Recently, the utilization of extensive open-sourced text data has significantly advanced the performance of text-based large language models (LLMs).
However, the use of in-the-wild large-scale speech data in the speech technology community remains constrained.
One reason for this limitation is that a considerable amount of the publicly available speech data is compromised by background noise, speech overlapping, lack of speech segmentation information, missing speaker labels, and incomplete transcriptions, which can largely hinder their usefulness. On the other hand, human annotation of speech data is both time-consuming and costly.
To address this issue, we introduce an automatic in-the-wild speech data preprocessing framework (AutoPrep) in this paper, which is designed to enhance speech quality, generate speaker labels, and produce transcriptions automatically.
The proposed AutoPrep framework comprises six components: speech enhancement, speech segmentation, speaker clustering, target speech extraction, quality filtering and automatic speech recognition.

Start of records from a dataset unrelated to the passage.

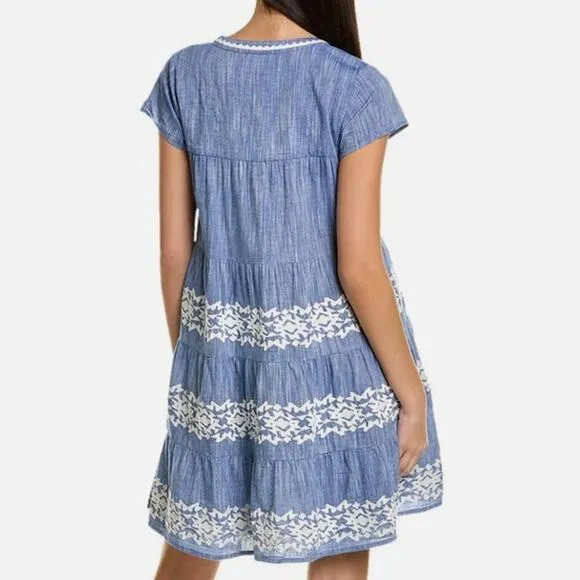 Roller‎ Rabbit Chambray Pamela Dress XS - Image 7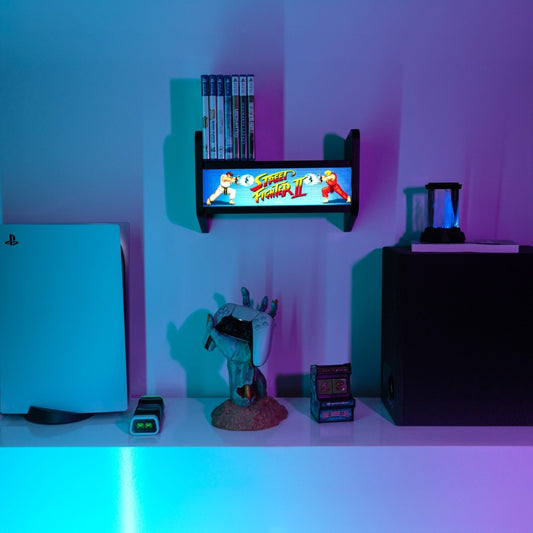Lampada Arcade Mensola Street Fighter II – Illuminazione LED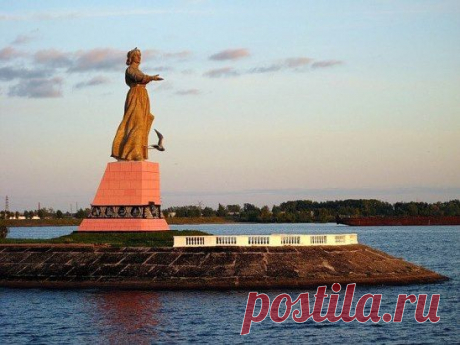 Мой Рыбинск, монумент &quot;Мать-Волга&quot; на Рыбинском водохранилище.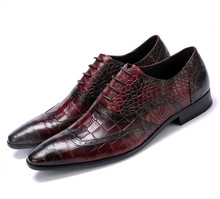 Serpentine negro/marrón tostado puntiagudos zapatos de negocios para hombres zapatos de baile de graduación de cuero genuino zapatos de boda para hombres 2024 - compra barato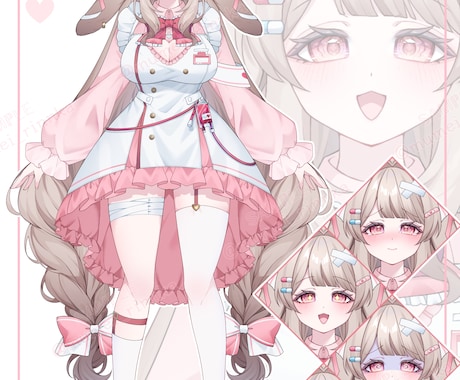 1点物！IRIAM向け立ち絵の魂募集をしております 動作確認済み、最短即日にお渡し可能です！ イメージ2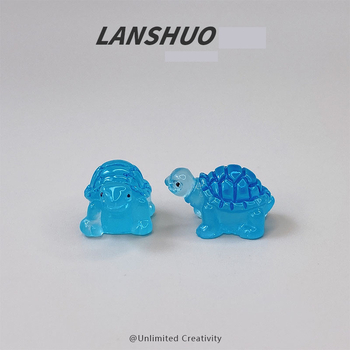 Nova kreativna 3D mini kornjača koja svijetli u mraku s ljetnom temom, realistična i zabavna DIY dekoracija sa životinjama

Experiments conducted on the open-sourced WenetSpeech and our self-collected AutoPrepWild corpora demonstrate that the proposed AutoPrep framework can generate preprocessed data with similar DNSMOS and PDNSMOS scores compared to several open-sourced TTS datasets.
The corresponding TTS system can achieve up to 0.68 in-domain speaker similarity.

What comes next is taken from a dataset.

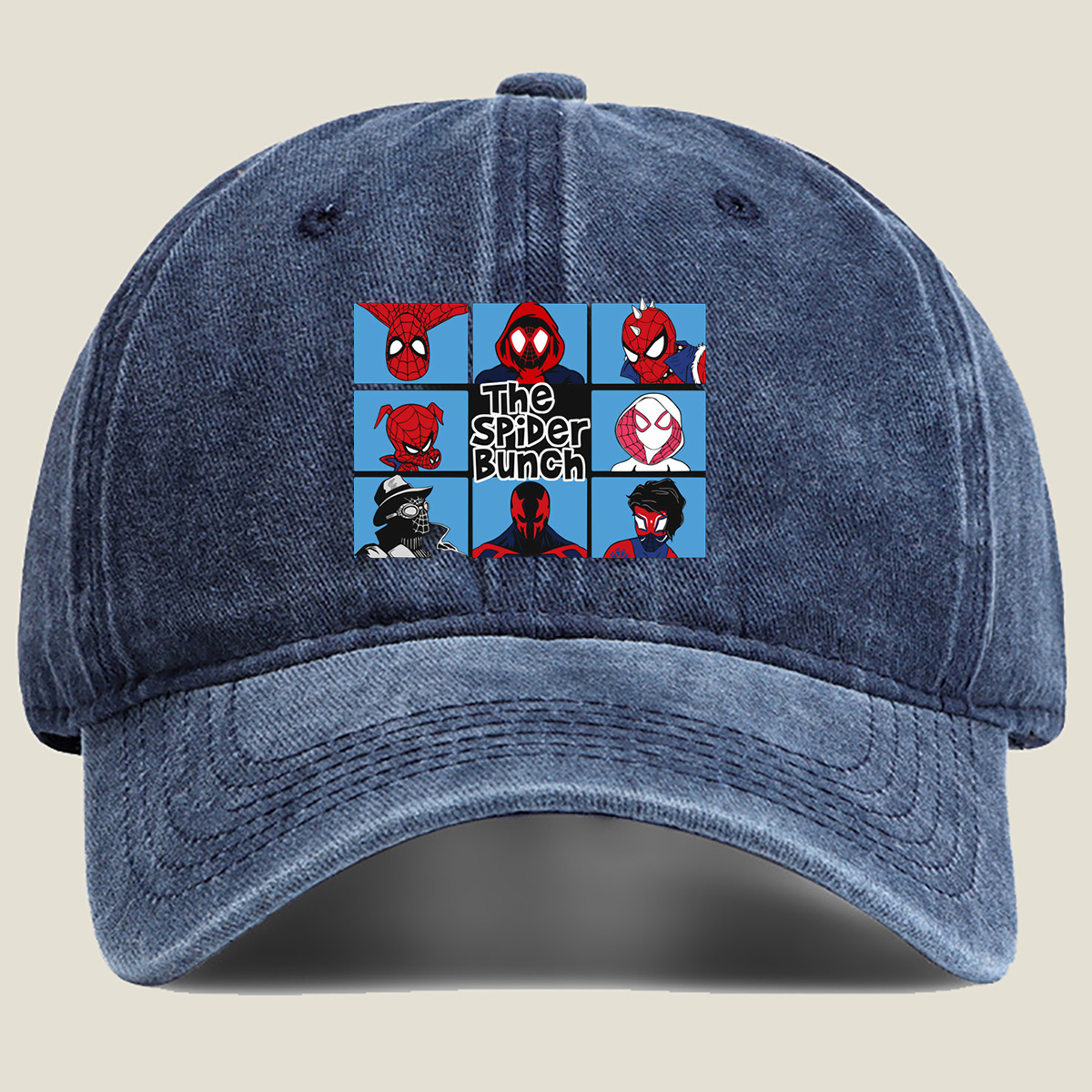 The Spider Bunch: Spider-Man Variants - Washed Denim - Baseball Cap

Fig.1: The diagram of the proposed full-band AutoPrep framework.
Dataset
AutoPrepWild: The AutoPrepWild corpus is a collection of in-the-wild speech data that we gathered from publicly available podcasts, video recordings, and audiobooks, without segmentation, speaker labels, or text transcriptions. The original dataset consists of 680 unprocessed long audio recordings, with a total duration of approximately 498 hours. Unlike the WenetSpeech dataset, the sample rate of the AutoPrepWild corpus is either 24kHz or 44.1kHz.

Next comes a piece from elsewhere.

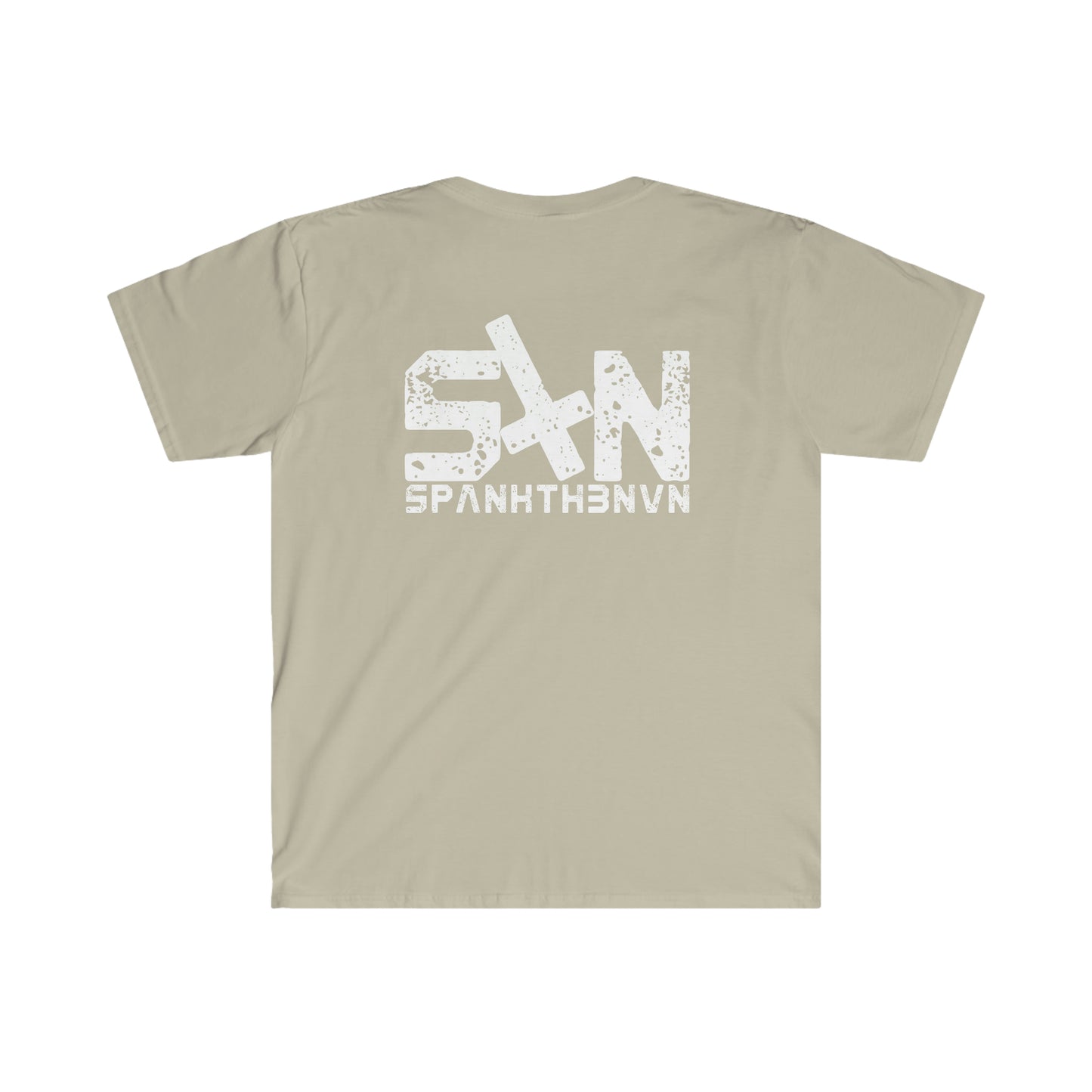 STN Big Logo on Back Unisex Softstyle T-Shirt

WenetSpeech: WenetSpeech is a widely used open-source ASR corpus, that comprises over 10,000 hours of Mandarin 16kHz speech data from diverse sources such as YouTube and Podcasts.Being derived from real-world data, WenetSpeech covers an extensive variety of acoustic conditions and includes a substantial number of speakers, making it highly suitable for the application scenarios of AutoPrep.